_WORK ORDER_:
Your answer must be a word-for-word copy of the listing below, minus its pictures.
Top of DATASET EXCERPT
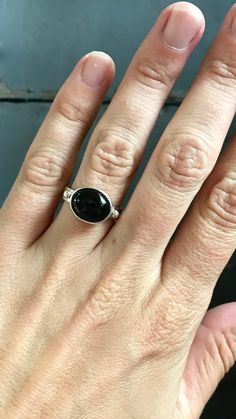 This oval black onyx stone is set in sterling silver with two sterling silver accent balls on either side. The oval cabochon is about 1/2" wide or 12mm x 10mm. The ring band is made from flat rectangular sterling silver wire. This ring is elegant and lovely.Made to order, choose your size! Black Oval Cabochon Sterling Silver Jewelry, Black Sterling Silver Jewelry With Oval Cabochon, Black Cabochon Sterling Silver Ring, Black Sterling Silver Cabochon Ring, Boho Rocker, Mens Ring Designs, Black Onyx Stone, Black Onyx Ring, Onyx Ring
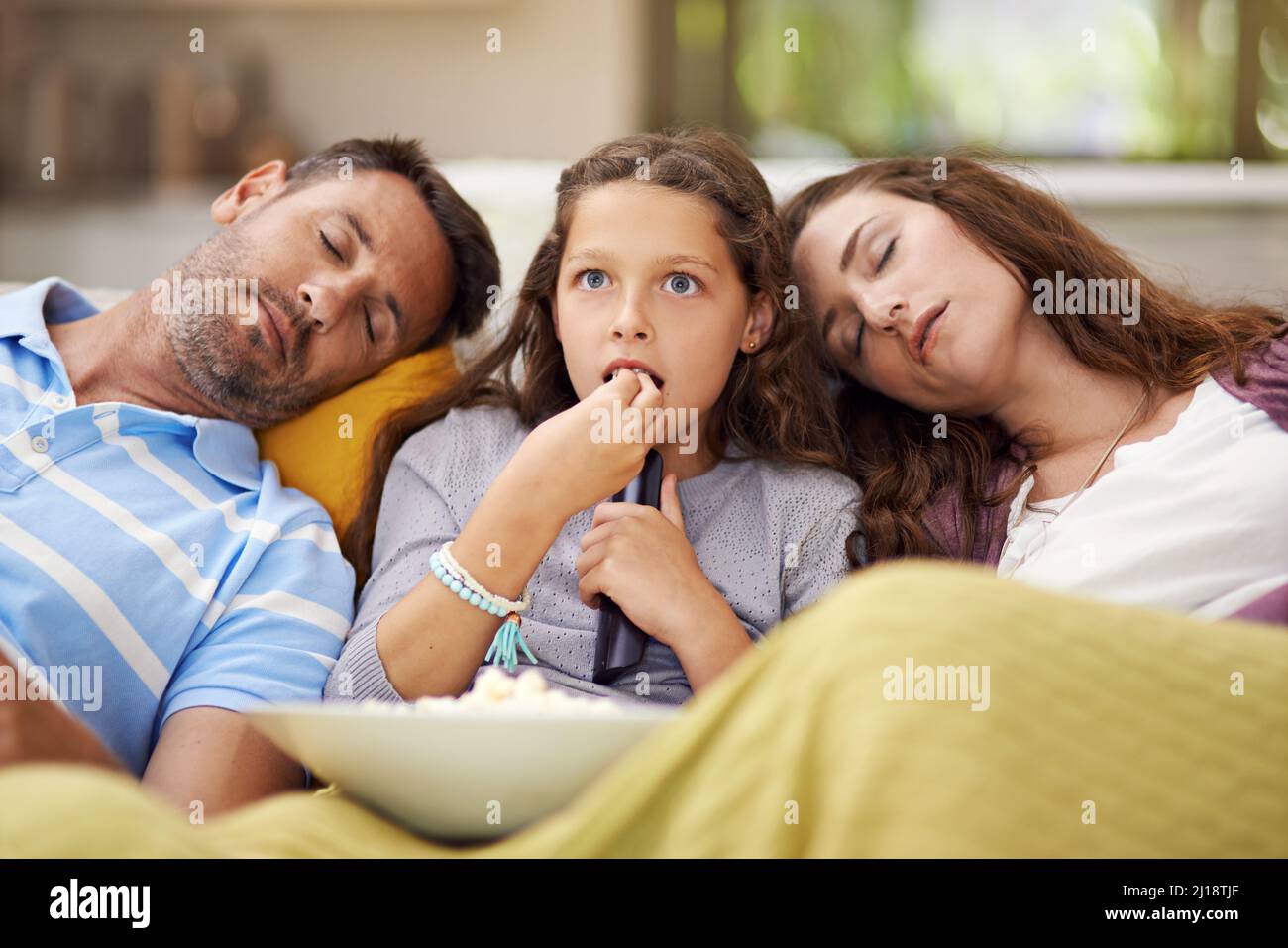 Familienfilmabend. Aufnahme eines Mädchens, das im Wohnzimmer sitzt und einen Film mit ihren Eltern schaut, die neben ihr schlafen. Stockfoto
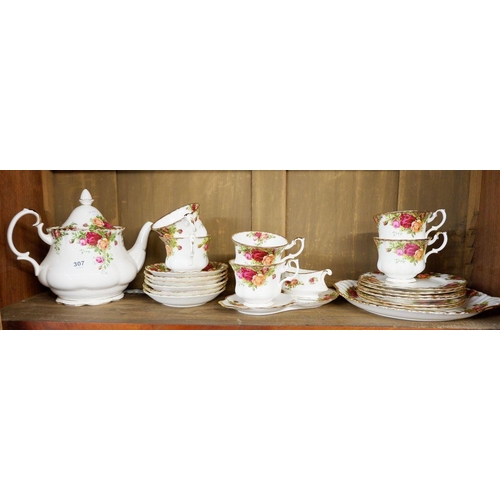 307 - A Royal Albert 'Country Roses' tea service comprising: teapot, six cups and saucers, six tea plates ... 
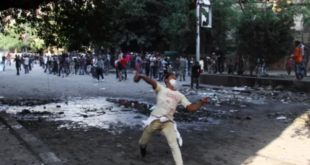 Egyptian protesters clash with security forces, not pictured, near Tahrir Square in Cairo, Egypt, Sunday, Nov. 25, 2012. President Mohammed Morsi edicts, which were announced on Thursday, place him above oversight of any kind, including that of the courts. AP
Bottom of DATASET EXCERPT
_SOLUTION FOR THIS PROBLEM_:
 This oval black onyx stone is set in sterling silver with two sterling silver accent balls on either side. The oval cabochon is about 1/2" wide or 12mm x 10mm. The ring band is made from flat rectangular sterling silver wire. This ring is elegant and lovely.Made to order, choose your size! Black Oval Cabochon Sterling Silver Jewelry, Black Sterling Silver Jewelry With Oval Cabochon, Black Cabochon Sterling Silver Ring, Black Sterling Silver Cabochon Ring, Boho Rocker, Mens Ring Designs, Black Onyx Stone, Black Onyx Ring, Onyx Ring
 Familienfilmabend. Aufnahme eines Mädchens, das im Wohnzimmer sitzt und einen Film mit ihren Eltern schaut, die neben ihr schlafen. Stockfoto
 307 - A Royal Albert 'Country Roses' tea service comprising: teapot, six cups and saucers, six tea plates ... 
 Egyptian protesters clash with security forces, not pictured, near Tahrir Square in Cairo, Egypt, Sunday, Nov. 25, 2012. President Mohammed Morsi edicts, which were announced on Thursday, place him above oversight of any kind, including that of the courts. AP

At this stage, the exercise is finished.